2. L’urgence justifie que soit prononcée la suspension de l’exécution d’une décision administrative lorsque l’exécution de celle-ci porte atteinte, de manière suffisamment grave et immédiate, à un intérêt public, à la situation du requérant ou aux intérêts que celui-ci entend défendre. Il appartient au juge des référés, saisi d’une demande tendant à la suspension de l’exécution d’une décision relative au séjour en France d’un étranger, d’apprécier et de motiver l’urgence compte tenu de l’incidence immédiate de cette décision sur la situation concrète de l’intéressé. Cette condition d’urgence sera en principe remplie dans le cas d’un refus de renouvellement ou d’un retrait du titre de séjour de ce dernier. Dans les autres cas, il appartient au requérant de justifier de circonstances particulières caractérisant la nécessité pour lui de bénéficier à très bref délai d’une mesure provisoire dans l’attente d’une décision juridictionnelle statuant sur la légalité de la décision en litige.
3. Il résulte de l’instruction que M. A…, ressortissant camerounais qui se maintient en France depuis au moins l’année 2022, a sollicité le 22 mai 2024, puis le 22 avril 2025, sa régularisation auprès du préfet de Seine-et-Marne, ses deux demandes ayant été classées sans être instruites. Si le requérant soutient qu’il est exposé à un risque d’interpellation du fait de sa situation irrégulière, alors qu’il est père d’un enfant français mineur résidant en France et remplit les conditions pour se voir délivrer une carte de séjour à ce titre, il est constant que l’intéressé n’a formé une première demande de titre de séjour qu’en mai 2024 alors qu’il se maintenait irrégulièrement en France depuis plusieurs années, et a saisi le juge des référé plus de deux mois que le préfet de Seine-et-Marne ait classé sans suite sa demande de titre de séjour. Dès lors, M. A…, qui ne produit aucun élément de nature à démontrer une situation de précarité pour lui et sa famille imputable à la décision litigieuse, ne peut être regardé comme justifiant de la condition d’urgence exigée par les dispositions précitées.

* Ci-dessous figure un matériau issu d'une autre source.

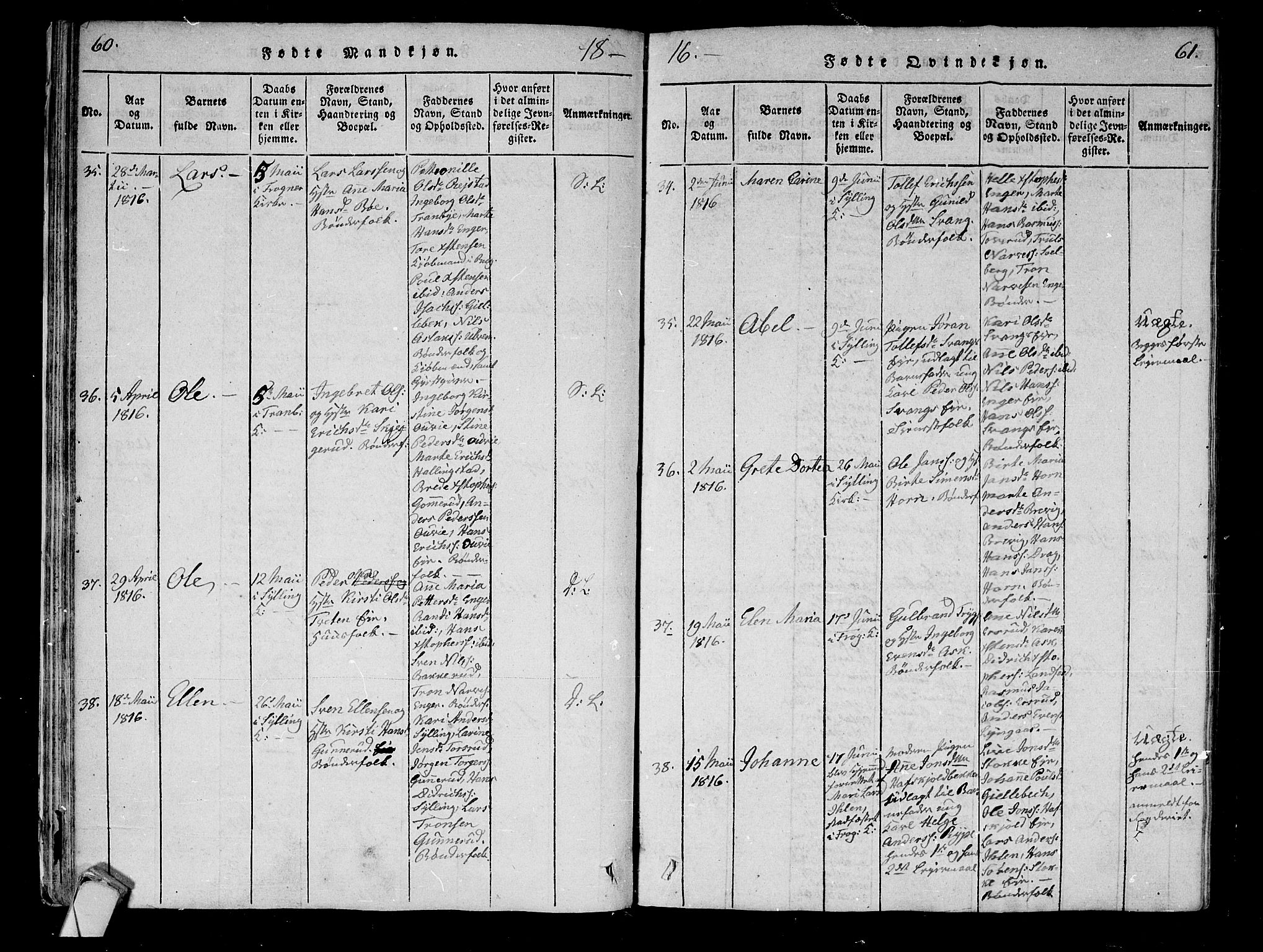 Lier kirkebøker, SAKO/A-230/F/Fa/L0008: Parish register (official) no. I 8, 1813-1825, p. 60-61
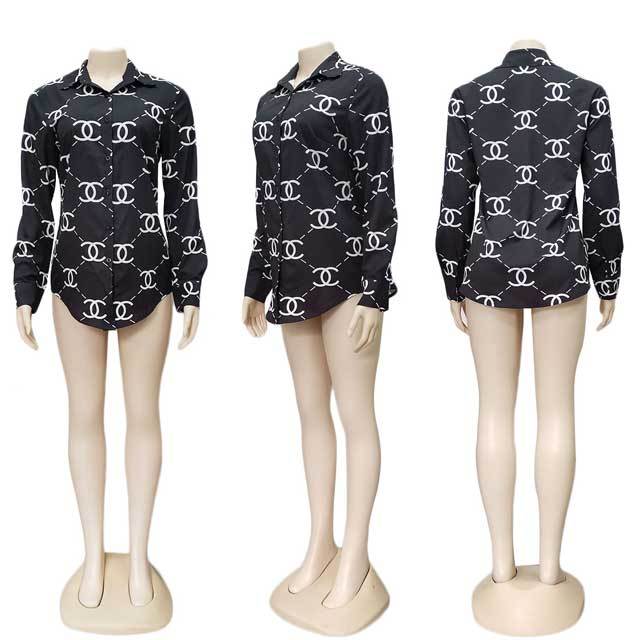Printed Long Sleeve Casual Shirt Top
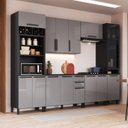 Ver imagem 1 de Cozinha Modulada Compacta Torre Quente Vidro 6 Peças Diamante Cinza/Chumbo/Titânio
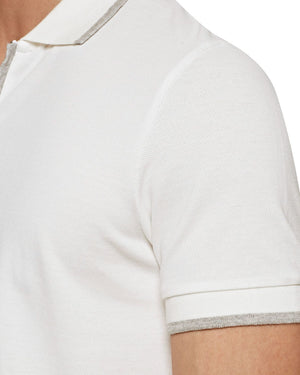 Jarrett Classic Fit Zip Placket Polo Shirt in Cloud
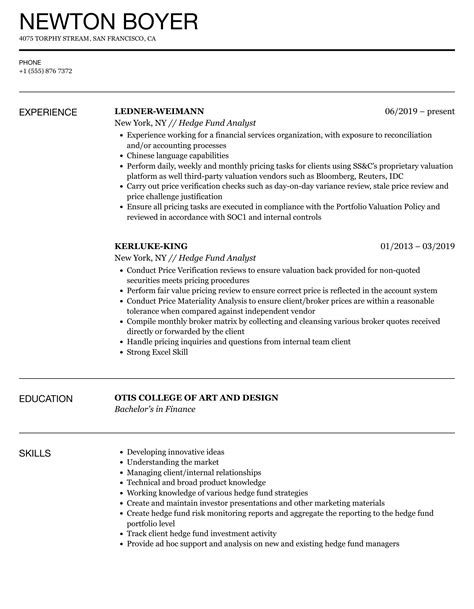 Hedge Fund Resume Template Example 1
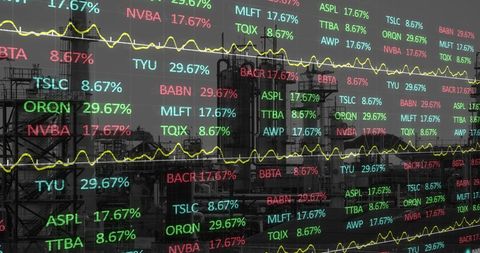 Construction site with financial market analytics overlay
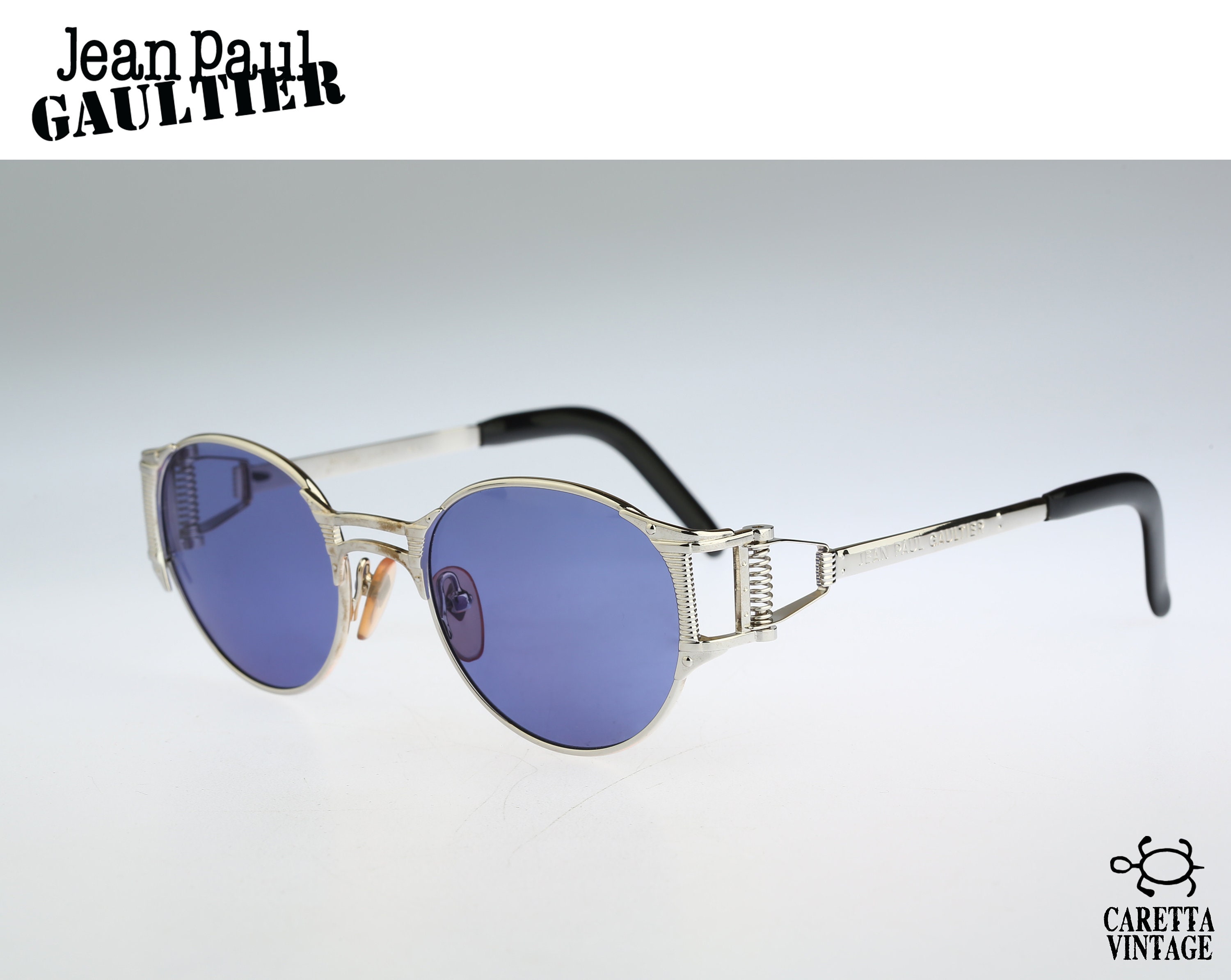 Jean Paul Gaultier 56-5105, Vintage 90s Unisex Silver Round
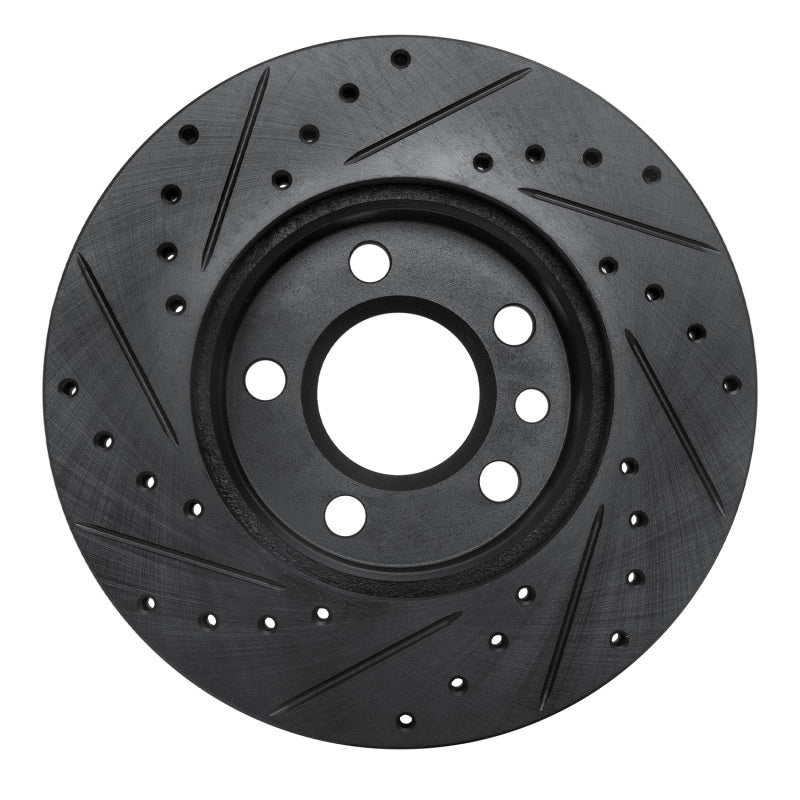 R1 Concepts R1 96-00 Volkswagen EuroVan Front Right Drilled & Slotted Black Brake Rotor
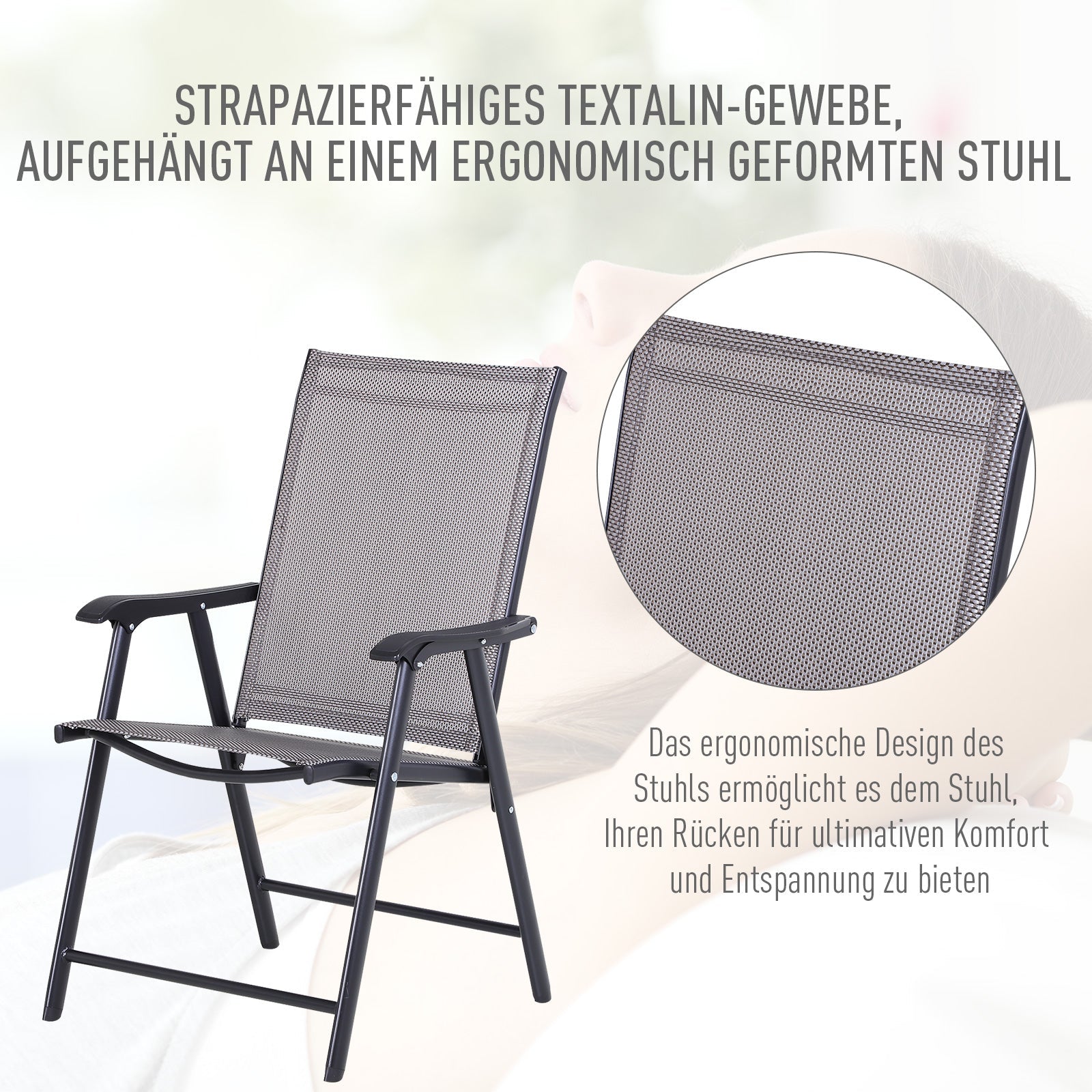Camping Chairs, 2-Piece Folding Armrest Fishing, Metal Grey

4. Il résulte de ce qui précède que les conclusions de la requête de M. A… doivent être rejetées suivant la procédure prévue à l’article L. 522-3 du code de justice administrative.
O R D O N N E :
Article 1er : La requête de M. A… est rejetée.
Article 2 : La présente ordonnance sera notifiée à M. B… A….
Le juge des référés,
Signé : R. COMBES
La République mande et ordonne au ministre de l’intérieur, en ce qui le concerne et à tous commissaires de justice à ce requis en ce qui concerne les voies de droit commun, contre les parties privées, de pourvoir à l’exécution de la présente décision.